HCI or Not? Understand the Datrium solution in a 3 minutes read

As a newer market player that implements a game-changing architecture that accelerates applications, simplifies infrastructure management, and combine data protection in a single solution I am frequently asked what precisely Datrium does, and if Datrium is HCI or not.

Is Datrium HCI or Not? A duality dilemma.

If you view HCI as being the physical bundling of computing and storage, and sometimes networking (NFV) in a single box, maybe it’s not. However, if you consider HCI as the seamless and delightful user experience to operate data centers that enact similarities with public clouds such as pay-as-you-go and simplicity, then yes.

The reality is that Gartner integrated systems Magic Quadrant doesn’t exist anymore and they created a new one for HCI that encompasses all systems that behave like the public cloud. I am starting to use ‘Legacy HCI’ to designate the first HCI systems to hit the market and operate as a hardware building block, but are now seeing newcomers, not only Datrium, with modern architectures that provide comparable and better benefits.

This HCI or Convergence journey is only getting started, and we have entered the 2nd generation now. We call ourselves OCI (Open Convergence), but Gartner will still place us in the HCI bucket.

What does Datrium do?

The simplest way to describe the extensive range of services provided by the Datrium DVX is to follow the high-level architecture here.

1 – Datrium is a tier-1 AllFlash primary storage that leverages similar concepts of HCI, implementing flash close to the CPU bus and data locality, ensuring data used by an application is always located on the server where the app is running. Applications read and write IOs land on local flash, and all applications benefit from enterprise data services such as inline deduplication, compression, erasure coding, encryption, replication, and snapshots. This storage tier shoulders up to 18 Million IOPS (4kb) and 256 GB/s random-write throughput, scaling from 1 all the way up to 128 hosts.

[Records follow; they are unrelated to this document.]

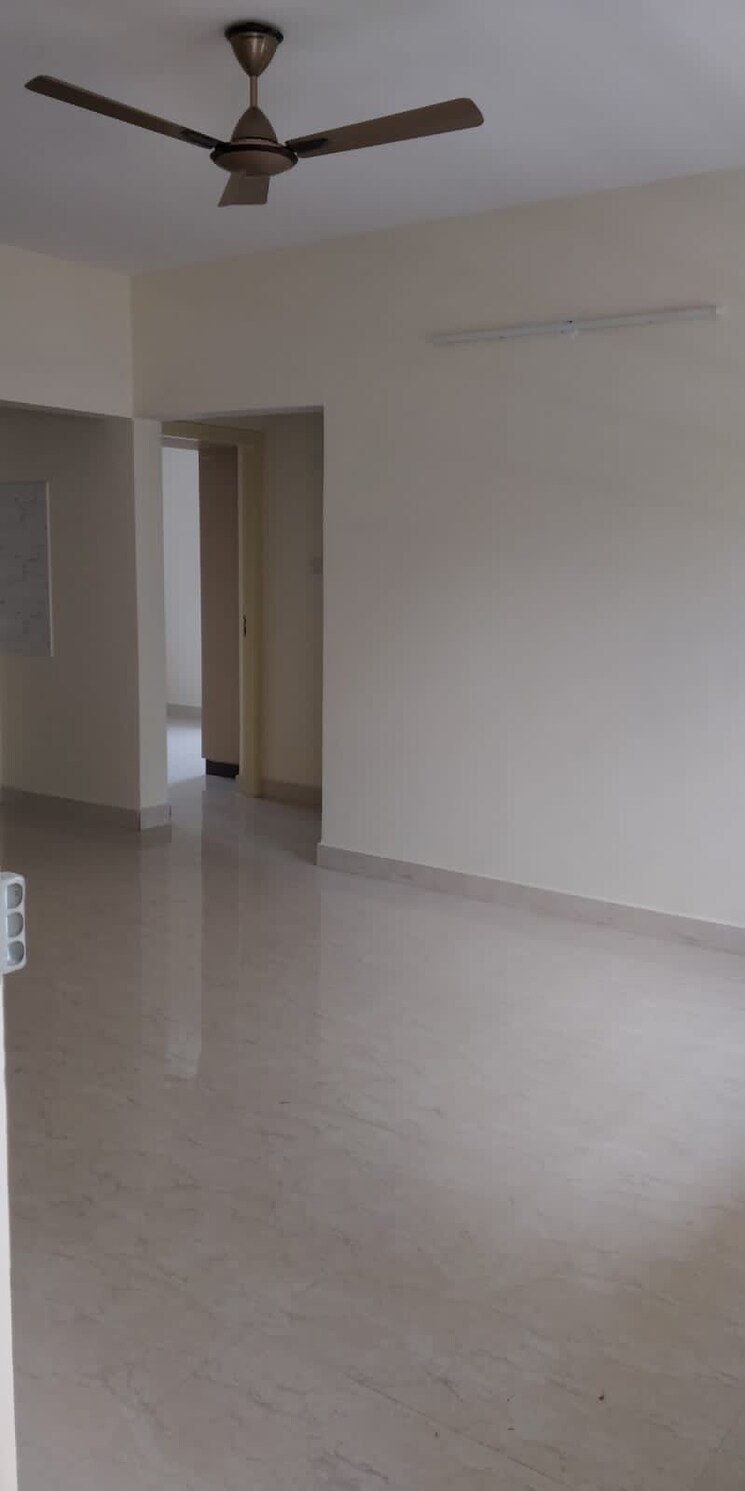Room, hsr layout 2 Bedroom 1200 Sq.Ft. Builder Floor In Hsr Layout Bangalore 8794218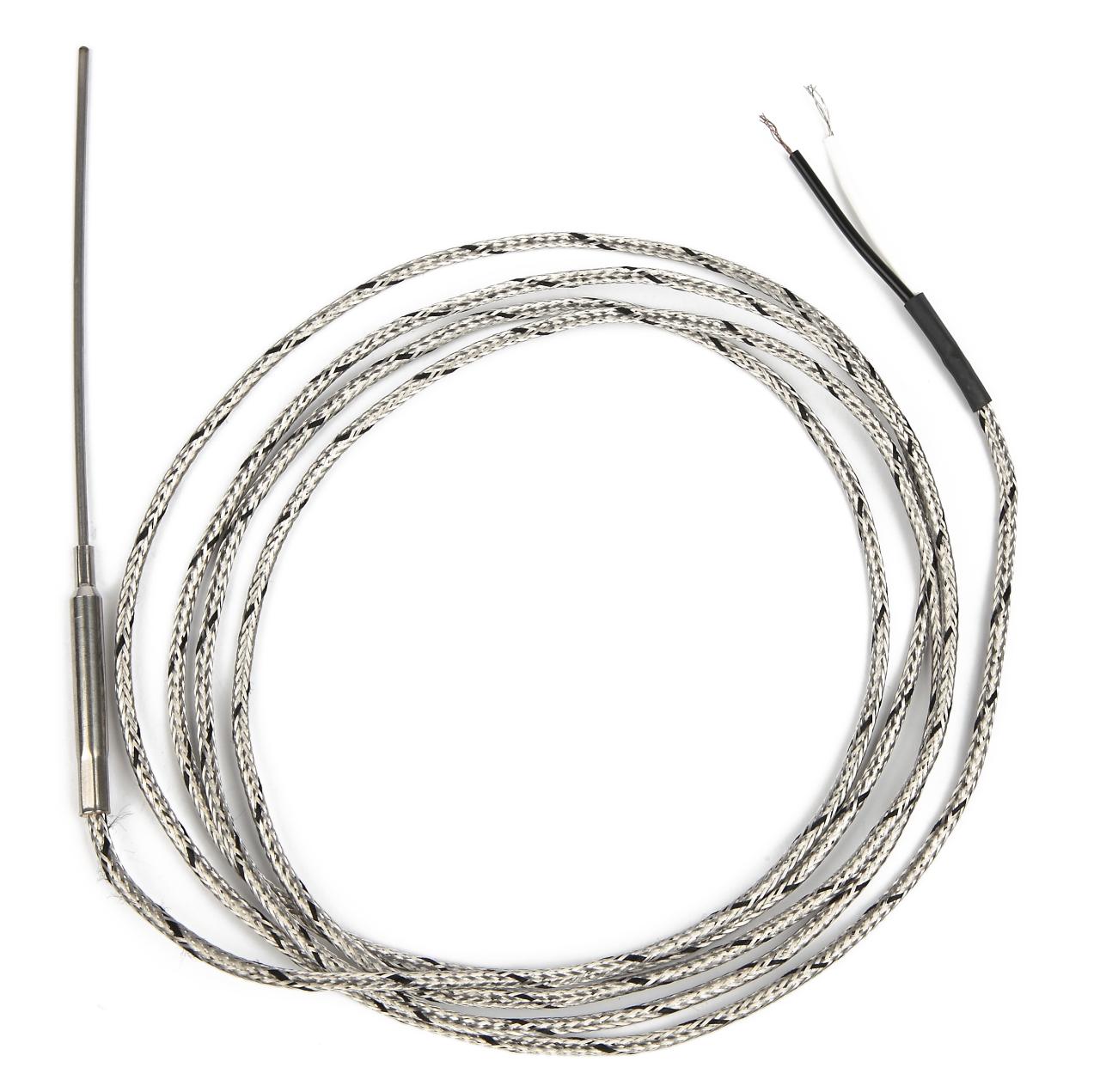 Thermocouple - Bendable Probe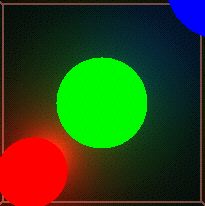 spheres-opaque.jpg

1 – This tier-1 AllFlash primary storage provides the proper namespace that works cross-platform, providing a single namespace to be used by VMware, KVM, bare-metal Containers and bare-metal applications.

2 – Datrium empowers organizations to leverage their existing investments as part of the solution, allowing for both new or existing servers, rack or blade. The only primary requirement is that the hypervisor of choice supports the server.

3 – Datrium provides integrated scale-out data protection that is cost-optimized for data retention and where archived data is checked for data integrity four times a day. From an IO path perspective, all application writes completed on the AllFlash primary storage are copied and protected with erasure coding in this scale-out data pool. Inline deduplication is utilized to eliminate all duplicate data, and snapshot restores to the AllFlash primary storage are instantaneous. This data protection tier scales from 1 up to 10 nodes, allowing up to 1.7 petabytes of usable storage capacity.

4 – Datrium also provides native asynchronous replication to a 2nd site or data center. This replication is fully deduplicated and can be setup as site-to-site across multiple sources and destinations.

5 – Cloud DVX is a cloud-native solution that provides seamless data archiving from on-premise Datrium to AWS. Due to Datrium universal deduplication, all the data from multiple applications and sites are only stored once on AWS, and Datrium only uses incremental forever replication. This approach eliminates most AWS storage costs, but also the costly egress traffic for retrieving data back on-prem when required. Cloud DVX is also set to be the multi-site management user-interface and the native disaster recovery orchestrator and witness.

6 – Cloud DVX is further the source-repository that enables a fully orchestrated disaster recovery to VMware on AWS (VMC). The integrated solution also provides fully deduped and orchestrated replication from VMC back to Cloud DVX and then back on-prem. VMware has announced VMC for GCP, Azure, and AWS Gov, and Datrium customers automatically get to utilize the new cloud’s services. {Demos at VMworld’18 and Availability later on}

7 – Not necessarily part of the product architecture, but with RedHat and Pivotal, Datrium allow customers to embrace kubernetes and containers across multiple virtualization platforms, bare-metal and also leveraging resources from the most prolific cloud services.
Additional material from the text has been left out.